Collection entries
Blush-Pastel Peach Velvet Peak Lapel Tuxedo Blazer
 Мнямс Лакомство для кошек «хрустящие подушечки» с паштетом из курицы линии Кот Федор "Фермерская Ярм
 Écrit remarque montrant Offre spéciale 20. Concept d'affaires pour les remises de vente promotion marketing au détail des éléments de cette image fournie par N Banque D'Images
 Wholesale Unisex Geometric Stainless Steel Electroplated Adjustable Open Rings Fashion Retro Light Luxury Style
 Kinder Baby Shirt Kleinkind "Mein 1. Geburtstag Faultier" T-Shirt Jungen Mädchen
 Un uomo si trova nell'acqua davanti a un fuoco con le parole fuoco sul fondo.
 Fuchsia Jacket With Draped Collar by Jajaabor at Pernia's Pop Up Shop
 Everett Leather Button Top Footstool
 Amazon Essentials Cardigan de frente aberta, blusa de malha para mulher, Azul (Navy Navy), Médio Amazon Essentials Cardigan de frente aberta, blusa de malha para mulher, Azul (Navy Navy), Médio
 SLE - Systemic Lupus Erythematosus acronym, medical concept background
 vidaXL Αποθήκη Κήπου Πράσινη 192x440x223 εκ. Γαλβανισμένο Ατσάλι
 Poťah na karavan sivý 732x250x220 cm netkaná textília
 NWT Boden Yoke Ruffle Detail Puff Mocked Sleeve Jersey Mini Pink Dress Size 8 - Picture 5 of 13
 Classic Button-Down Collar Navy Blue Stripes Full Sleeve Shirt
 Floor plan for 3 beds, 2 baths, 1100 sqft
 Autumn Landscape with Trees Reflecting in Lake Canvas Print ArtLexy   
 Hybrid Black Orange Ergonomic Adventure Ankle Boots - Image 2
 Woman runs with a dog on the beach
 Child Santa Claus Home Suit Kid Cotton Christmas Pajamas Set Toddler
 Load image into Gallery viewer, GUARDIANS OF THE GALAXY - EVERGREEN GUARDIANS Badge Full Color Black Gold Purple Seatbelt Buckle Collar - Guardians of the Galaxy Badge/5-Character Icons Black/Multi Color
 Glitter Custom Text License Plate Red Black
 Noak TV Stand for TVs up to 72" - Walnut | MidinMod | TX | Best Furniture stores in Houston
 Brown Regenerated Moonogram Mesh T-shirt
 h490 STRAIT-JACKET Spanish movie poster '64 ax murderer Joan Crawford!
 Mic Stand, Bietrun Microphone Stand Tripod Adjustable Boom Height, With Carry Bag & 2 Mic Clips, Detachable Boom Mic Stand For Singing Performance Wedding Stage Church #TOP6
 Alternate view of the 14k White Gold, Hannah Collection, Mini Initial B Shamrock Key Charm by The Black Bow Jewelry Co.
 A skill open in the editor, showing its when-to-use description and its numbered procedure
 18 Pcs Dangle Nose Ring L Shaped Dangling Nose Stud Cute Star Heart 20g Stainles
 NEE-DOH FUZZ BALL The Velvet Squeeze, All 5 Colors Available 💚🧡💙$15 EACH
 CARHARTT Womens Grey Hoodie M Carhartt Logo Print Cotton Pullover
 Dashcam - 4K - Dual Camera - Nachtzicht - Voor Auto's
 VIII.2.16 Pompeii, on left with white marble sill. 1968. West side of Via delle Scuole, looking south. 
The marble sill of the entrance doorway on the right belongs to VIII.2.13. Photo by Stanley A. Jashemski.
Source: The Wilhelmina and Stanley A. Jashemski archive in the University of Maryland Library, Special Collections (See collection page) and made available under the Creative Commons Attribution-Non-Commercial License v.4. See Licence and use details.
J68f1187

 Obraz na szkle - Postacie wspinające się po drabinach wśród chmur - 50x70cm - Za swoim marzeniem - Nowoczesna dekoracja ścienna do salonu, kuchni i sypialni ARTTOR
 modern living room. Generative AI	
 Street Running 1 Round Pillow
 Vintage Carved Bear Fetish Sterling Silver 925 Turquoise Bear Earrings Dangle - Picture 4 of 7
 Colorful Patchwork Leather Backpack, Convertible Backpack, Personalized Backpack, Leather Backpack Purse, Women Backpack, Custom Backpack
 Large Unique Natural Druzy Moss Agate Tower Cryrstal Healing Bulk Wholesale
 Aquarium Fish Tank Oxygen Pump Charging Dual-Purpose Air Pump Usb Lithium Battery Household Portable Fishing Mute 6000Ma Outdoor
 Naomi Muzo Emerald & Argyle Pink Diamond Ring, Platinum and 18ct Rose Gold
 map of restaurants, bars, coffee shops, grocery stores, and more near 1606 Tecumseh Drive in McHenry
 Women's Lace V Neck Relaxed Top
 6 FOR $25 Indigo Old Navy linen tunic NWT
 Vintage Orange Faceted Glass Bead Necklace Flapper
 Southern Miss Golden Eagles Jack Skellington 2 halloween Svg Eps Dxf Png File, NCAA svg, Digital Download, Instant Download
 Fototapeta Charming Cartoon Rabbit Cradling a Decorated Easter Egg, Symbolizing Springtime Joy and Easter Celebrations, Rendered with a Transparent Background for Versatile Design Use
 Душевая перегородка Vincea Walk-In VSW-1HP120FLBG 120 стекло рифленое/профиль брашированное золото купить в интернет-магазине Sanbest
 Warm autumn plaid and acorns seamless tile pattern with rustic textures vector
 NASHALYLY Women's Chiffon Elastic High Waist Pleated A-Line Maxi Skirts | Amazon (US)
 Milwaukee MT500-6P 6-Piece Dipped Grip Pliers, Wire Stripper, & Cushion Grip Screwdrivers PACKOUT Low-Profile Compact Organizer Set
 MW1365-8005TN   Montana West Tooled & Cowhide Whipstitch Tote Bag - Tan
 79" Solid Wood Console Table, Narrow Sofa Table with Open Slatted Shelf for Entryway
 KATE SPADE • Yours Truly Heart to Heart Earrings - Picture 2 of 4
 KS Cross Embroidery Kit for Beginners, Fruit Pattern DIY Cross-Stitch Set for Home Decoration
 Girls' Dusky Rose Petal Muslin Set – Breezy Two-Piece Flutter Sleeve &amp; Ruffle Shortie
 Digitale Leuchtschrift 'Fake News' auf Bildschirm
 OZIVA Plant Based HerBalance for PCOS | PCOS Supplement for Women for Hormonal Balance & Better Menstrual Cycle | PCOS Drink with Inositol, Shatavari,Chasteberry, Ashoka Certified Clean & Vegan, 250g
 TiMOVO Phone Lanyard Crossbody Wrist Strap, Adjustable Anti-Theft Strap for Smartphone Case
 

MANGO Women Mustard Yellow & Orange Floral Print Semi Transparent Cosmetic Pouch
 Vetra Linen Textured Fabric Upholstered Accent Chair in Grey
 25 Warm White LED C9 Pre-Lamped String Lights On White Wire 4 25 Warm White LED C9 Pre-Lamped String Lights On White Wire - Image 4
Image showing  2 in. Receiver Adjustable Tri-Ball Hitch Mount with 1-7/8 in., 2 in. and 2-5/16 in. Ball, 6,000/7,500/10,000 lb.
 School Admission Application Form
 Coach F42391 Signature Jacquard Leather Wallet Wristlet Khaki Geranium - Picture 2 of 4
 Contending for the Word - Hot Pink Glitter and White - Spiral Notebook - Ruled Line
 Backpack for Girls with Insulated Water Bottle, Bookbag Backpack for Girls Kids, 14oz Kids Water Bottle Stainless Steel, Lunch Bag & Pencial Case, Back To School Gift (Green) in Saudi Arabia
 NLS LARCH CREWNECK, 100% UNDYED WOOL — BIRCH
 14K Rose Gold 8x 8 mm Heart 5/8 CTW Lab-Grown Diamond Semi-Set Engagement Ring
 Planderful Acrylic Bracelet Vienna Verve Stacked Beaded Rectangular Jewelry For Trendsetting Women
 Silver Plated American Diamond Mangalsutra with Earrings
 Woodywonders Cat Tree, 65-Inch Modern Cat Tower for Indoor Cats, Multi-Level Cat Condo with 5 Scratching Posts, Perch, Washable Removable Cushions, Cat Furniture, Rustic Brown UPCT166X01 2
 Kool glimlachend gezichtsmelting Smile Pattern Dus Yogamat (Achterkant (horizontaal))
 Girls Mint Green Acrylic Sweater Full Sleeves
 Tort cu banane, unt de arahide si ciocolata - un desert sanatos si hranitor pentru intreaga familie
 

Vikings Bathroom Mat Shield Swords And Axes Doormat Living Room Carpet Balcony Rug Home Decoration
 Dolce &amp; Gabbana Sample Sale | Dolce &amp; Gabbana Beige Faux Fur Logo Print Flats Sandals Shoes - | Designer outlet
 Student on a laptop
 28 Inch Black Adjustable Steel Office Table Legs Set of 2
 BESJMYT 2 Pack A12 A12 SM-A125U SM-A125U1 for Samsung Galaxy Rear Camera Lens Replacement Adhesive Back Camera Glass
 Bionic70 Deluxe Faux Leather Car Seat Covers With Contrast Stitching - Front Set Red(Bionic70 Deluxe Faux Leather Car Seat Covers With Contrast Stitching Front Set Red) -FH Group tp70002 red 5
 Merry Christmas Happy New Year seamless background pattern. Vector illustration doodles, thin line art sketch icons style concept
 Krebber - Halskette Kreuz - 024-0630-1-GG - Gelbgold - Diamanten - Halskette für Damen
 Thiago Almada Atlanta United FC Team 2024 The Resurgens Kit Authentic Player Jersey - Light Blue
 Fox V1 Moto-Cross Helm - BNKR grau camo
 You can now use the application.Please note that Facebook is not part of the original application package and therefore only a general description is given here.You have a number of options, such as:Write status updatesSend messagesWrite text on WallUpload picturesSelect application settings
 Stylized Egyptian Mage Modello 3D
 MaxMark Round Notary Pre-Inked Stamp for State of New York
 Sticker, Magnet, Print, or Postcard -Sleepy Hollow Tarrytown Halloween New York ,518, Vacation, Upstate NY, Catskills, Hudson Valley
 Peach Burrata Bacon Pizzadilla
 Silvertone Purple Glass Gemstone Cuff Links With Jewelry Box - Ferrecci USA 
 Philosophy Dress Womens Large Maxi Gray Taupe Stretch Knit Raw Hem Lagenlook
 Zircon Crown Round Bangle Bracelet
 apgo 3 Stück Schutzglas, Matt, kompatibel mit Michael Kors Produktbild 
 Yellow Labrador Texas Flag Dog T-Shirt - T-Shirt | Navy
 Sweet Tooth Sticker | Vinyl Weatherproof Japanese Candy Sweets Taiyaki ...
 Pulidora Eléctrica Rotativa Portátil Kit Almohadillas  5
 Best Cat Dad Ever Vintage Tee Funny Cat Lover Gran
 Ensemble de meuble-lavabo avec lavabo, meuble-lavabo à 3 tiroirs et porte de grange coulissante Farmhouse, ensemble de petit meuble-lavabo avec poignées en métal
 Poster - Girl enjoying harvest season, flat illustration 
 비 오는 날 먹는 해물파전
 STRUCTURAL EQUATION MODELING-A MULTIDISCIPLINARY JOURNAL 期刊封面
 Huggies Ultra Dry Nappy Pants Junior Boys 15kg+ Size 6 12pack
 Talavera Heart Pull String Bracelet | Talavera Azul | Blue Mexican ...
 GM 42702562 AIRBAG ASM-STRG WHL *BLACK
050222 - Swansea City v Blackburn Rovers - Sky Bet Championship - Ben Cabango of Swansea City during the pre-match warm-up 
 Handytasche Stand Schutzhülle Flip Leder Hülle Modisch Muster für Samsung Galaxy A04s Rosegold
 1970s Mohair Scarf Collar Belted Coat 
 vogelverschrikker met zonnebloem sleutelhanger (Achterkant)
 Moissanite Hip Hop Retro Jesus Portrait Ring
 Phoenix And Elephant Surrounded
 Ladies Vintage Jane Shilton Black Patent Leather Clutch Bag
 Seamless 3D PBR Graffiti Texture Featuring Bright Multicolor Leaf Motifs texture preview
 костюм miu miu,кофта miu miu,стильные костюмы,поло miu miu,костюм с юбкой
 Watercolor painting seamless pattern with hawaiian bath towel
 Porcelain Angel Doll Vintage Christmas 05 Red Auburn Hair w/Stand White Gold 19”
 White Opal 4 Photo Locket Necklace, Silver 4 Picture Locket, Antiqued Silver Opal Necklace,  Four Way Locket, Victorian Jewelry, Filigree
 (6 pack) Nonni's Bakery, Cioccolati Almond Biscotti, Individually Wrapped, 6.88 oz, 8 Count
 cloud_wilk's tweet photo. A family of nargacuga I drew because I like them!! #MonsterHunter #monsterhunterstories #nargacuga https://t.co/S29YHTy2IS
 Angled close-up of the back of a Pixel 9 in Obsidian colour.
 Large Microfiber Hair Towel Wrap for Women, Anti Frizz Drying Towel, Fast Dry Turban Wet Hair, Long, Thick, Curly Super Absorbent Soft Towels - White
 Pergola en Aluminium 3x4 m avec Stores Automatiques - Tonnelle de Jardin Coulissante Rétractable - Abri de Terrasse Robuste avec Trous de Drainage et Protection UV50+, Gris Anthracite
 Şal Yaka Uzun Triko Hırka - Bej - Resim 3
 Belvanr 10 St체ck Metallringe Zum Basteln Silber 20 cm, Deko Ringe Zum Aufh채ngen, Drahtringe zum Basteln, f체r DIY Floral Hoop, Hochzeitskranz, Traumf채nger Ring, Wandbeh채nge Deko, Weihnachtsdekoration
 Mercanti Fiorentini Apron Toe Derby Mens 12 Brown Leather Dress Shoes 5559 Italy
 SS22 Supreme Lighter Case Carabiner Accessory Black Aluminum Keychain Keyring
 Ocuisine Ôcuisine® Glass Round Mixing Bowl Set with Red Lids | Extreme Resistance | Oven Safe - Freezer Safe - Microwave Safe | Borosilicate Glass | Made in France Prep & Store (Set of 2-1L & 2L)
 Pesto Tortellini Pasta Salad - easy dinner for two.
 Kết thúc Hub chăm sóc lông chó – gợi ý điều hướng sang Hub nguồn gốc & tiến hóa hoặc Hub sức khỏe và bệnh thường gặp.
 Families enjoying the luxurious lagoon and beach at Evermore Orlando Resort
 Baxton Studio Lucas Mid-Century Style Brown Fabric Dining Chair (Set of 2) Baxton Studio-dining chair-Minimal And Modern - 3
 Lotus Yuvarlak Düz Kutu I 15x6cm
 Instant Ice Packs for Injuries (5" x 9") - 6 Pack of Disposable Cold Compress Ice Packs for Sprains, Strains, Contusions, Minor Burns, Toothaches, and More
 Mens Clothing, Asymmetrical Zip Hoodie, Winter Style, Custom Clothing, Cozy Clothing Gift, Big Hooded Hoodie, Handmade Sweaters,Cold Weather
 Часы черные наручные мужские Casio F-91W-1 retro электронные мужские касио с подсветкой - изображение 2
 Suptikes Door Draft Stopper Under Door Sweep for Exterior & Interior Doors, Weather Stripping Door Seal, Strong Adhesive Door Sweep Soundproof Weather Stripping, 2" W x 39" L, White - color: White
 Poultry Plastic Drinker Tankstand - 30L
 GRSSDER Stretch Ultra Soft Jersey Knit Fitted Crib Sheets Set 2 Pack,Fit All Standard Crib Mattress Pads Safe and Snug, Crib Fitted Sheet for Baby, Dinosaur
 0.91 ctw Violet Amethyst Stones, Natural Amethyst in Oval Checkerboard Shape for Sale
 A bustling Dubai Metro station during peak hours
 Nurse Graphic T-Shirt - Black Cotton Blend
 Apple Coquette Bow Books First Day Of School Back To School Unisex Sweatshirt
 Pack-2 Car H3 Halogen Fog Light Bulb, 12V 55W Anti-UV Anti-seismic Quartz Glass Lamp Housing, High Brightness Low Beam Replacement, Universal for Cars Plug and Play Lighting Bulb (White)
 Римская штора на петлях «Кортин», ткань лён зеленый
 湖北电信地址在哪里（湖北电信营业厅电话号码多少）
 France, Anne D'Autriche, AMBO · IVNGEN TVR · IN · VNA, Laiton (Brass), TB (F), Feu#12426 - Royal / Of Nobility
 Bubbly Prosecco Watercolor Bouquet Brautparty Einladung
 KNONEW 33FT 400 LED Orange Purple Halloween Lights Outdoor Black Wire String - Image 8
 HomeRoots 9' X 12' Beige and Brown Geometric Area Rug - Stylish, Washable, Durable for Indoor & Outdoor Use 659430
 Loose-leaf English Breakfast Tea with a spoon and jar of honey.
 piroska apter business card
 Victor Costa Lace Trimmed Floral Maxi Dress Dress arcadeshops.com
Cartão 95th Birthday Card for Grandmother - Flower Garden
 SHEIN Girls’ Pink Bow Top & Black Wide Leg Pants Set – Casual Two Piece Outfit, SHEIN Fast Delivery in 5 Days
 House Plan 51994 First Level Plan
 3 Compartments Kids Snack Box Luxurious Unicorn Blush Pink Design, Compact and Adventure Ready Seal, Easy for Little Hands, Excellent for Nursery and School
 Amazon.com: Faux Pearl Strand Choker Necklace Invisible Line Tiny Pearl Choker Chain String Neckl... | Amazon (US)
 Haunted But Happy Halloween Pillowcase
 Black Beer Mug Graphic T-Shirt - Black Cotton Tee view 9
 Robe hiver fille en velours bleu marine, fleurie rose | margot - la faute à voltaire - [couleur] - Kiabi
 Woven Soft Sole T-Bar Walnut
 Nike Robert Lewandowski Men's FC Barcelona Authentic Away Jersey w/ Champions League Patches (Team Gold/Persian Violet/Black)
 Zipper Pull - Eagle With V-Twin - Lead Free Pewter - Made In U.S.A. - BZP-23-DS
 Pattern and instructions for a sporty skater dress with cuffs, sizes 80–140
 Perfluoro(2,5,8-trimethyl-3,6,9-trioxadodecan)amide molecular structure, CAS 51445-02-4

◆ Exercise: Your answer should be only the number of lines, in the entries above, that include "Heart".

◆ Response to the exercise: 4